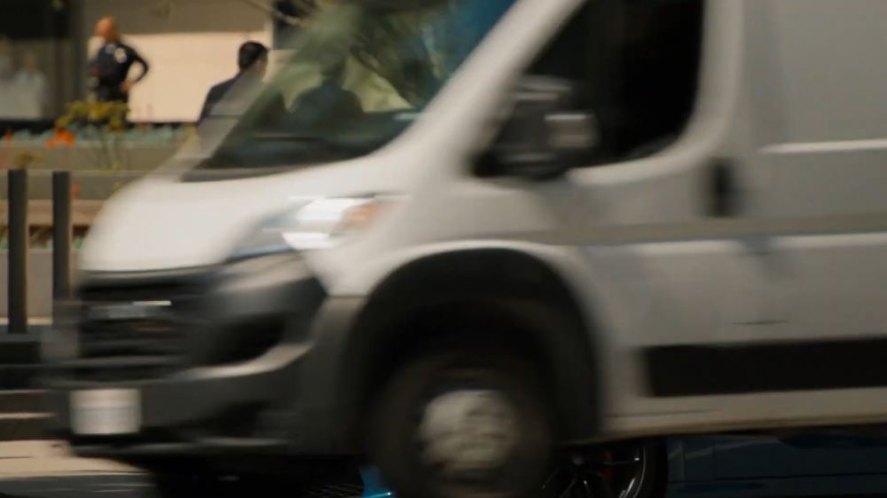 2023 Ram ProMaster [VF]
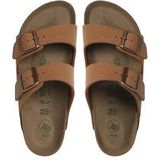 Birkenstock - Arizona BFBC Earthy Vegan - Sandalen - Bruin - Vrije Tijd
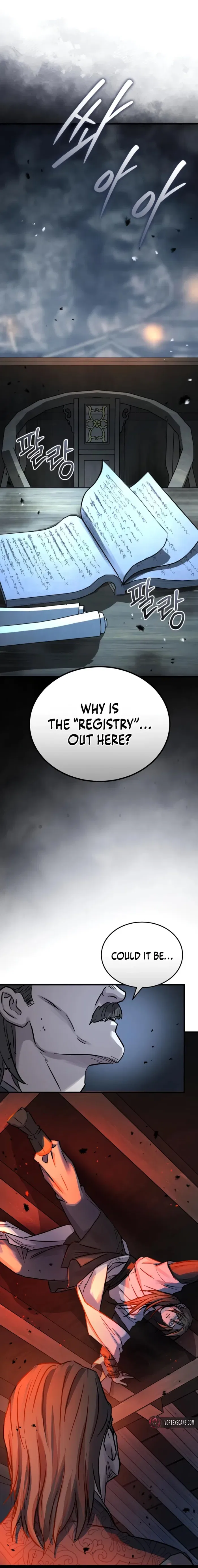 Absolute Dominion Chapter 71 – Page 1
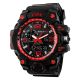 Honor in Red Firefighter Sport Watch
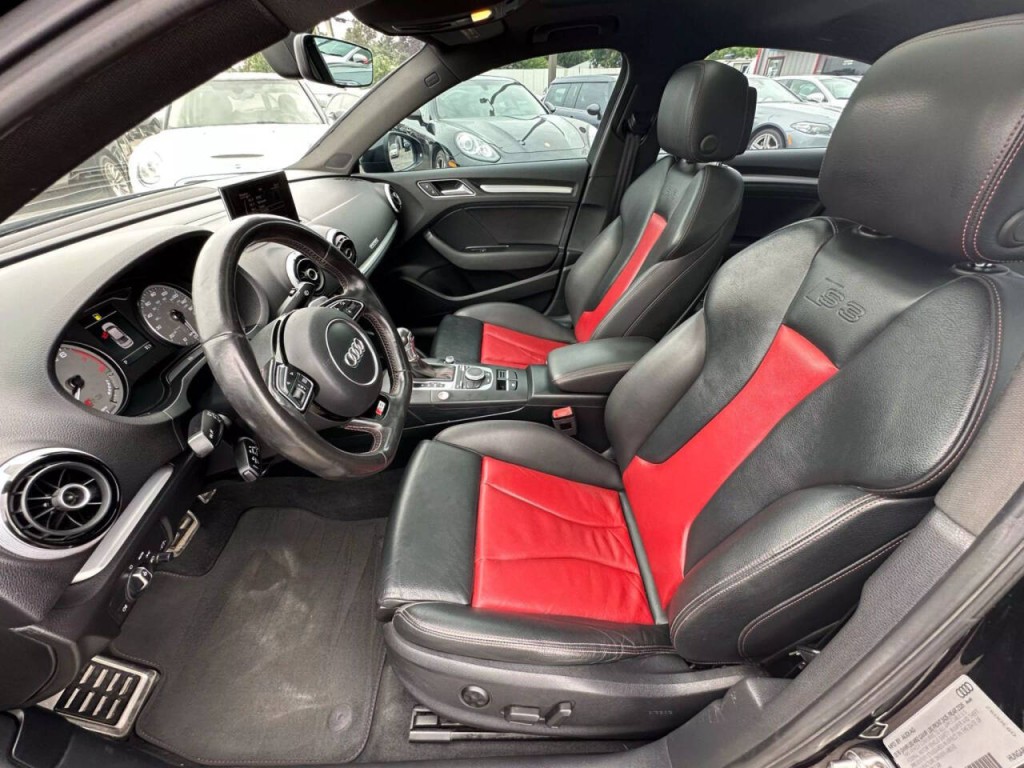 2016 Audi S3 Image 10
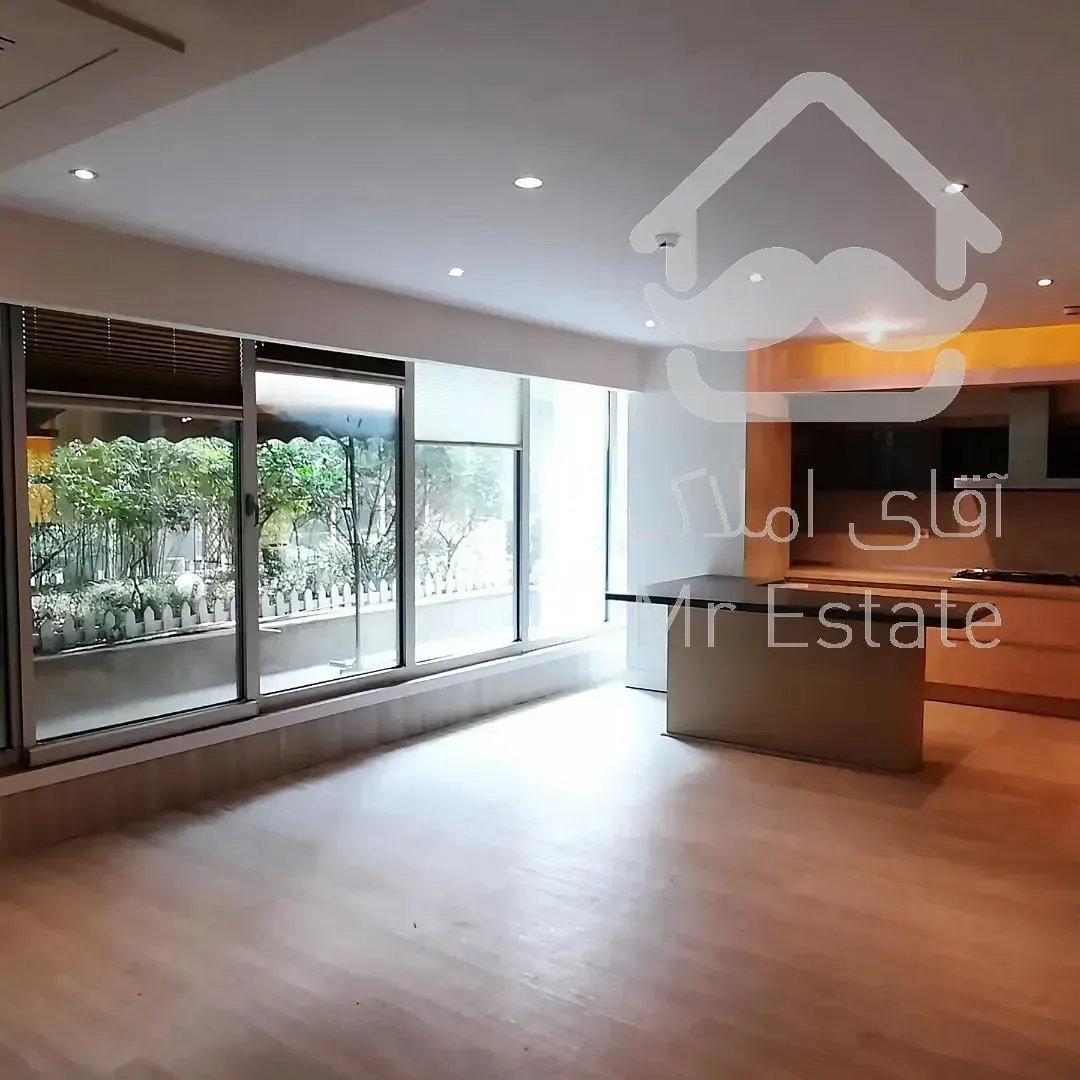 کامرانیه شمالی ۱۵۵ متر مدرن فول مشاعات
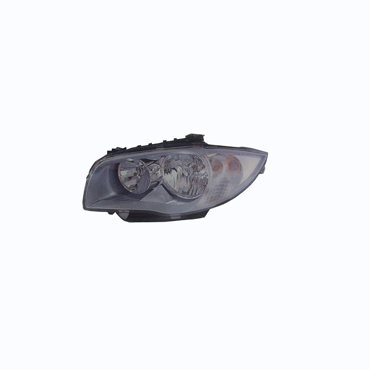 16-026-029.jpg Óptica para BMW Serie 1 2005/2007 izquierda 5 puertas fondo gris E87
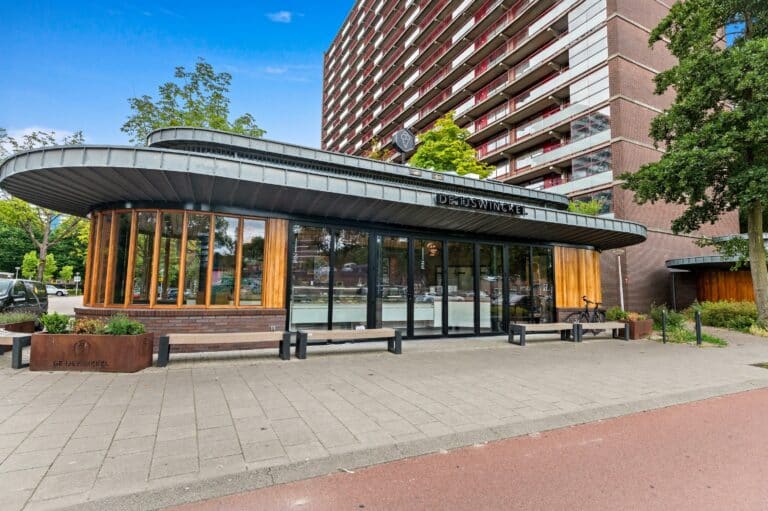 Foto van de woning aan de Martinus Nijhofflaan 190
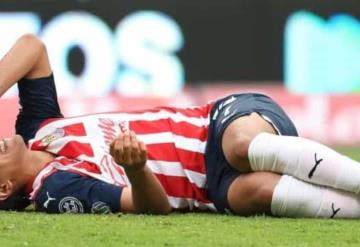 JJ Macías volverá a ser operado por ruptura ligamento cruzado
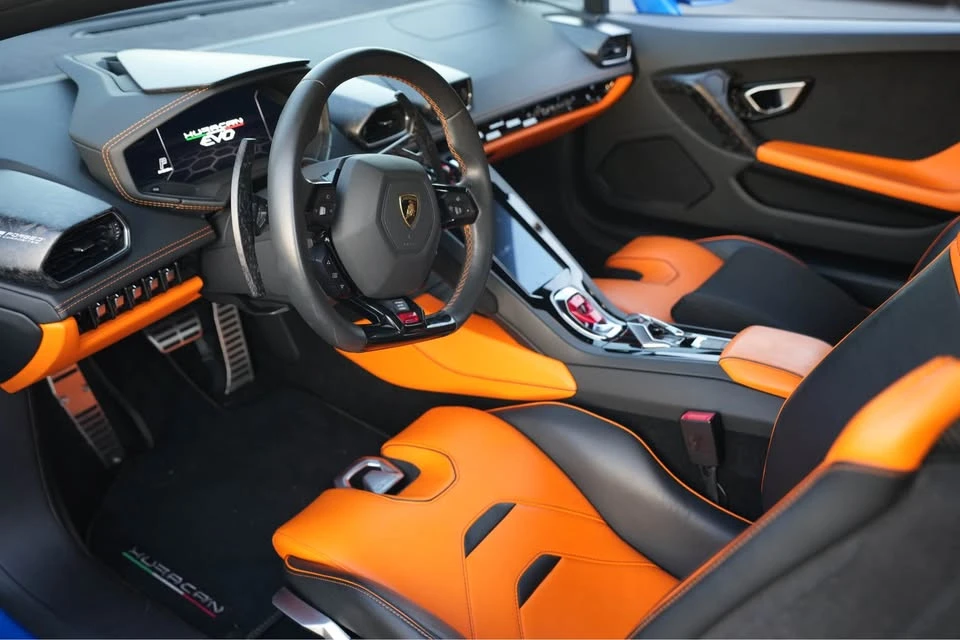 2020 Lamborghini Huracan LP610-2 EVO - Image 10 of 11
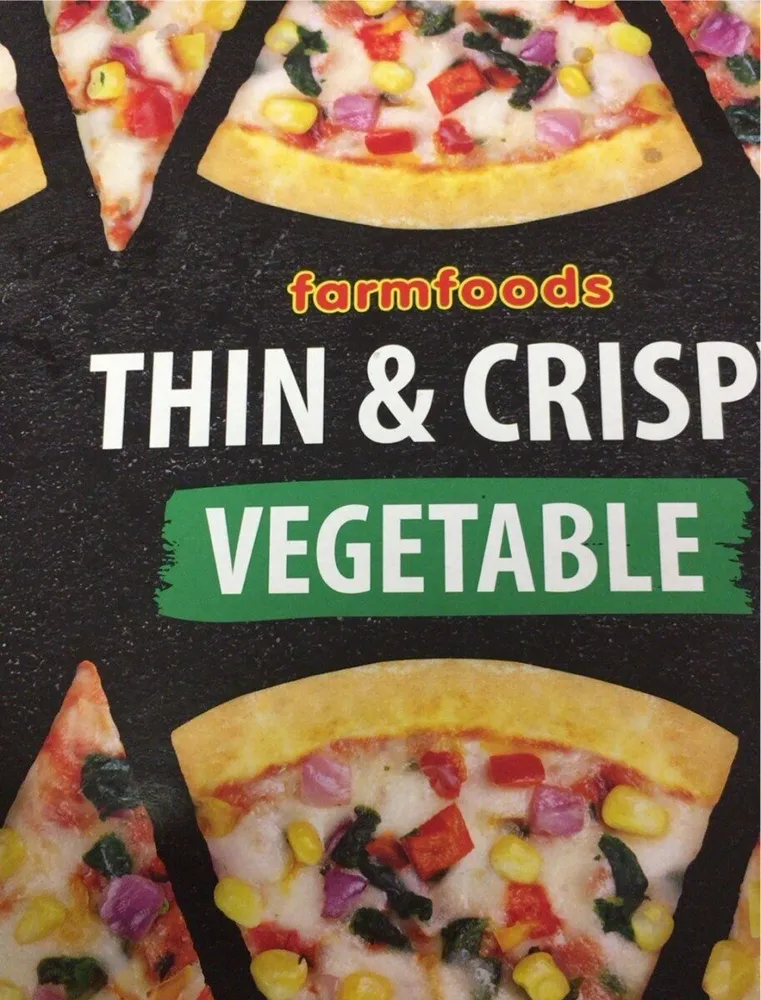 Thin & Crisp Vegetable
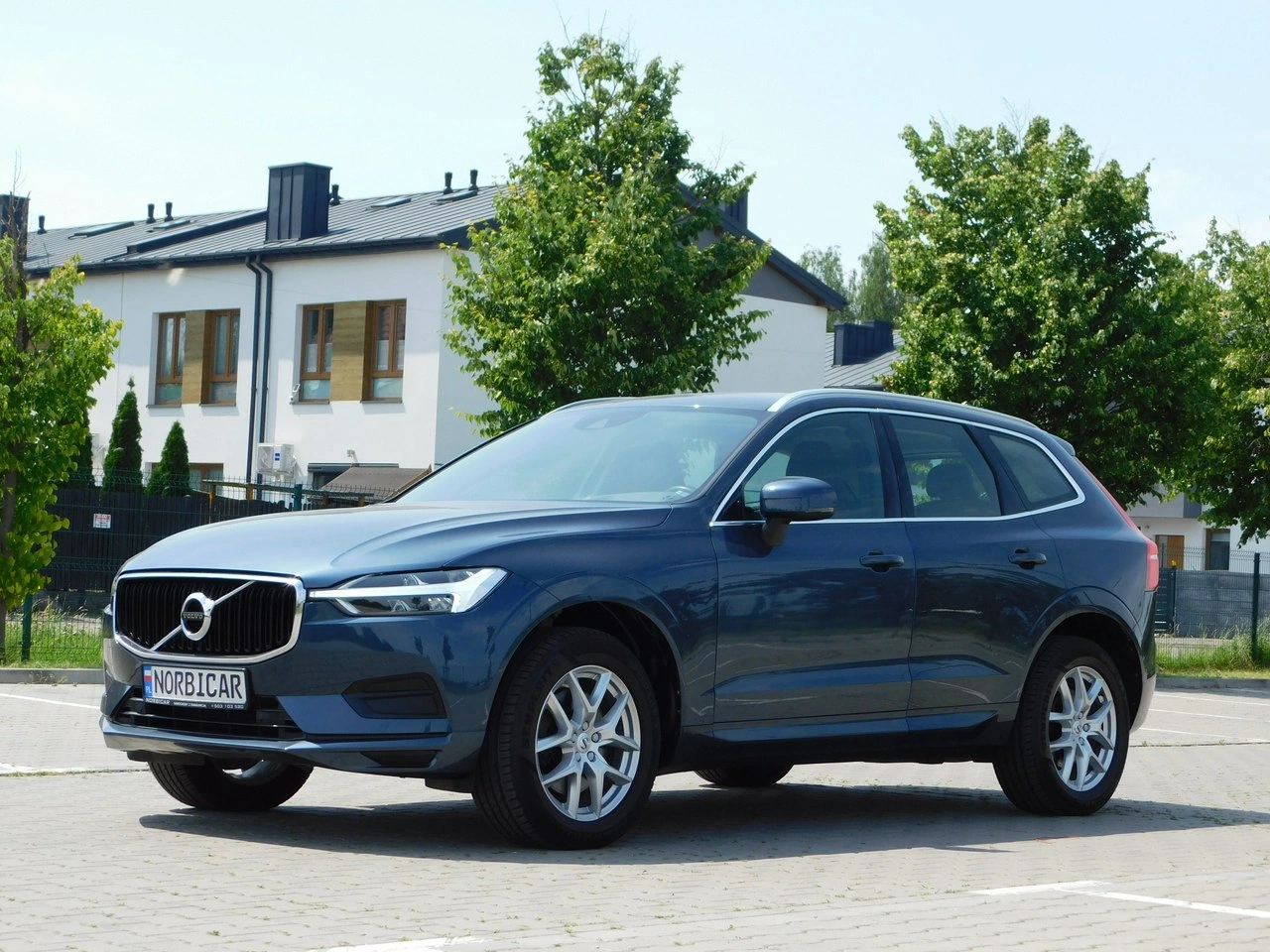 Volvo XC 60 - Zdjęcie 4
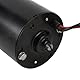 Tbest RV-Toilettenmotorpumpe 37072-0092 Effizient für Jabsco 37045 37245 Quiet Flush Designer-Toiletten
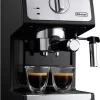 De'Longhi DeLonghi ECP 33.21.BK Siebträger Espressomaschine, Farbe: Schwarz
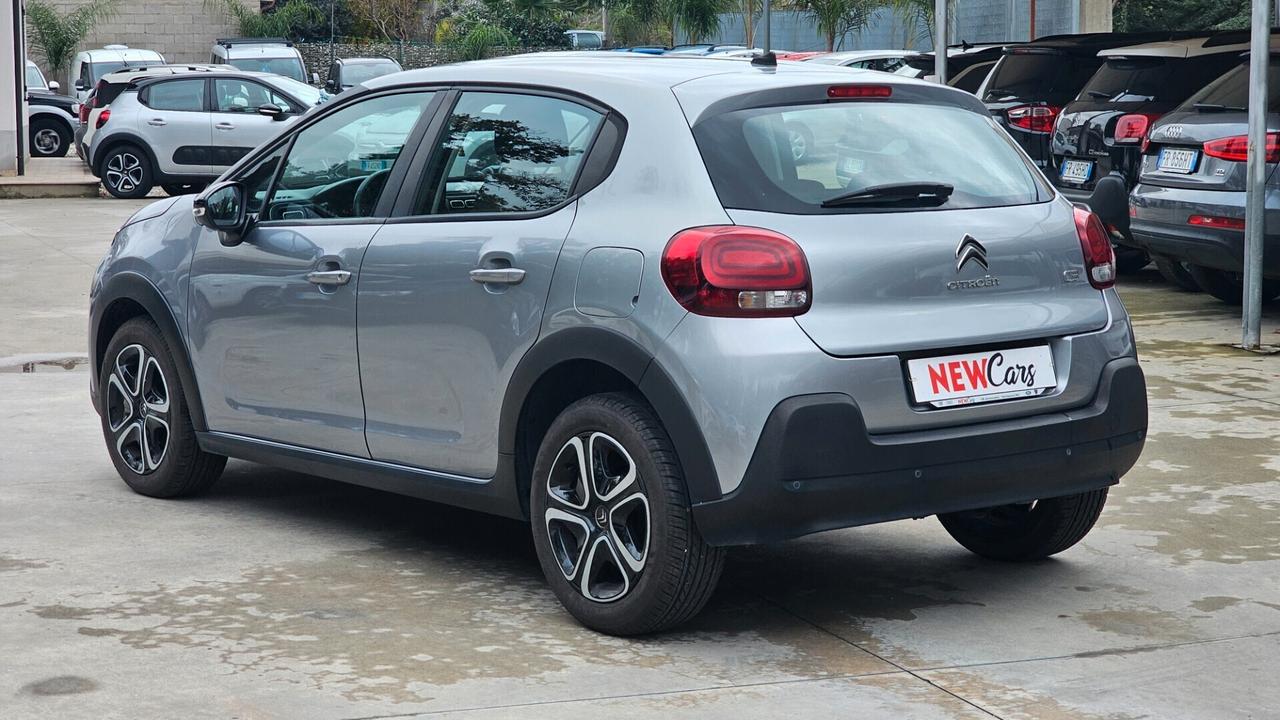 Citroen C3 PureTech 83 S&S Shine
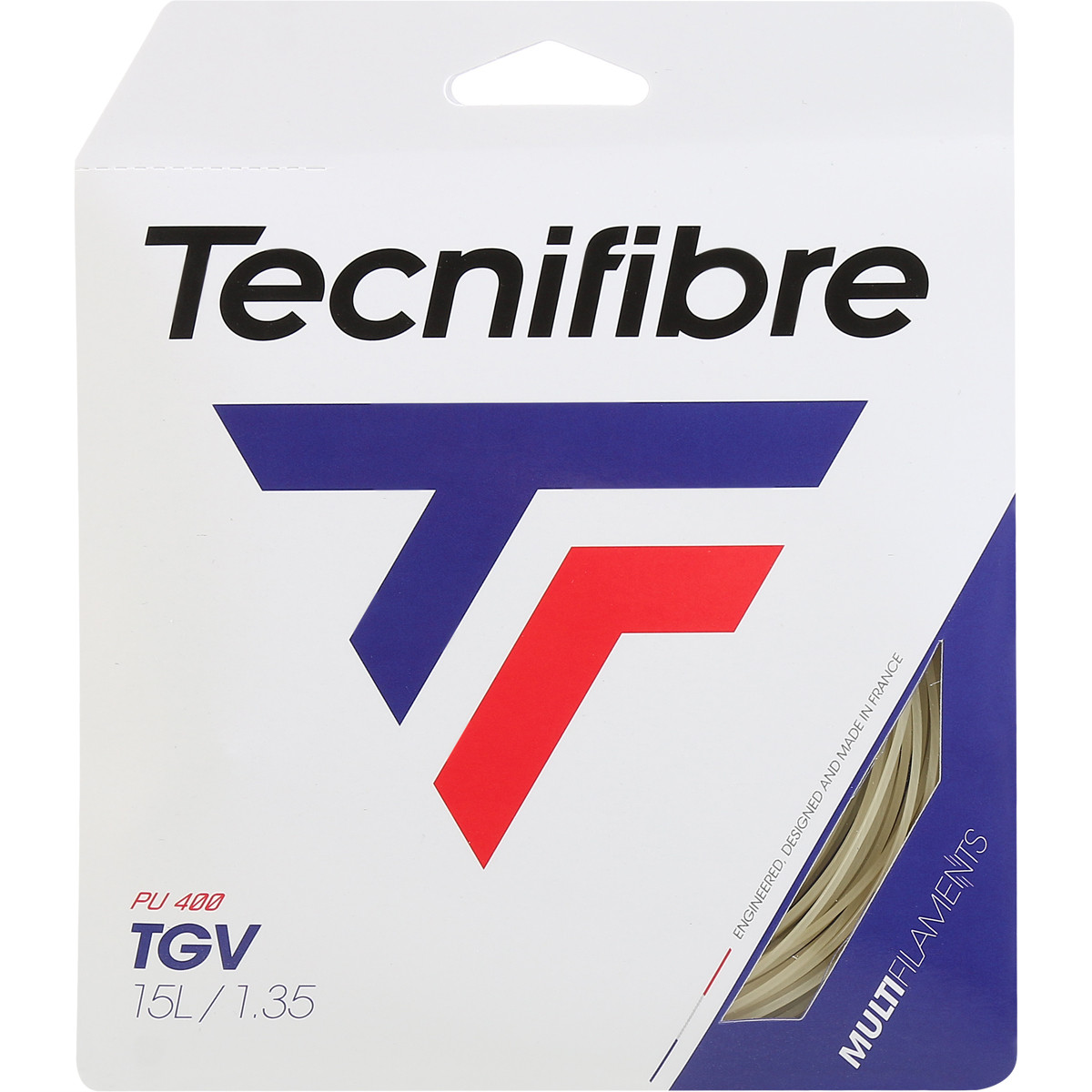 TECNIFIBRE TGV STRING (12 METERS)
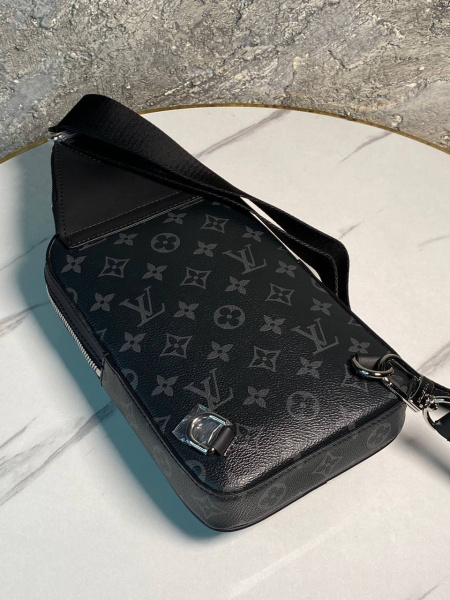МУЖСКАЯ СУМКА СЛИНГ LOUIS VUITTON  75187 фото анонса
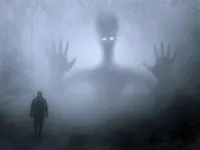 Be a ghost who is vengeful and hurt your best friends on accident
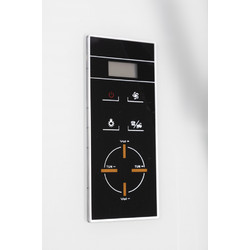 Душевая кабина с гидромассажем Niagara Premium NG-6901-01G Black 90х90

########

__TASK DESCRIPTION__
Copy the entries above verbatim. Pictures do not belong in the copy.

__RESULT__
 2023 Ram ProMaster [VF]
 Birkenstock - Arizona BFBC Earthy Vegan - Sandalen - Bruin - Vrije Tijd
 Absolute Dominion Chapter 71 – Page 1
 Honor in Red Firefighter Sport Watch
 2016 Audi S3 Image 10
 کامرانیه شمالی ۱۵۵ متر مدرن فول مشاعات
 16-026-029.jpg Óptica para BMW Serie 1 2005/2007 izquierda 5 puertas fondo gris E87
 Foto van de woning aan de Martinus Nijhofflaan 190
 JJ Macías volverá a ser operado por ruptura ligamento cruzado
 2020 Lamborghini Huracan LP610-2 EVO - Image 10 of 11
 Thin & Crisp Vegetable
 Volvo XC 60 - Zdjęcie 4
 Tbest RV-Toilettenmotorpumpe 37072-0092 Effizient für Jabsco 37045 37245 Quiet Flush Designer-Toiletten
 De'Longhi DeLonghi ECP 33.21.BK Siebträger Espressomaschine, Farbe: Schwarz
 Citroen C3 PureTech 83 S&S Shine
 TECNIFIBRE TGV STRING (12 METERS)
МУЖСКАЯ СУМКА СЛИНГ LOUIS VUITTON  75187 фото анонса
 Be a ghost who is vengeful and hurt your best friends on accident
 Душевая кабина с гидромассажем Niagara Premium NG-6901-01G Black 90х90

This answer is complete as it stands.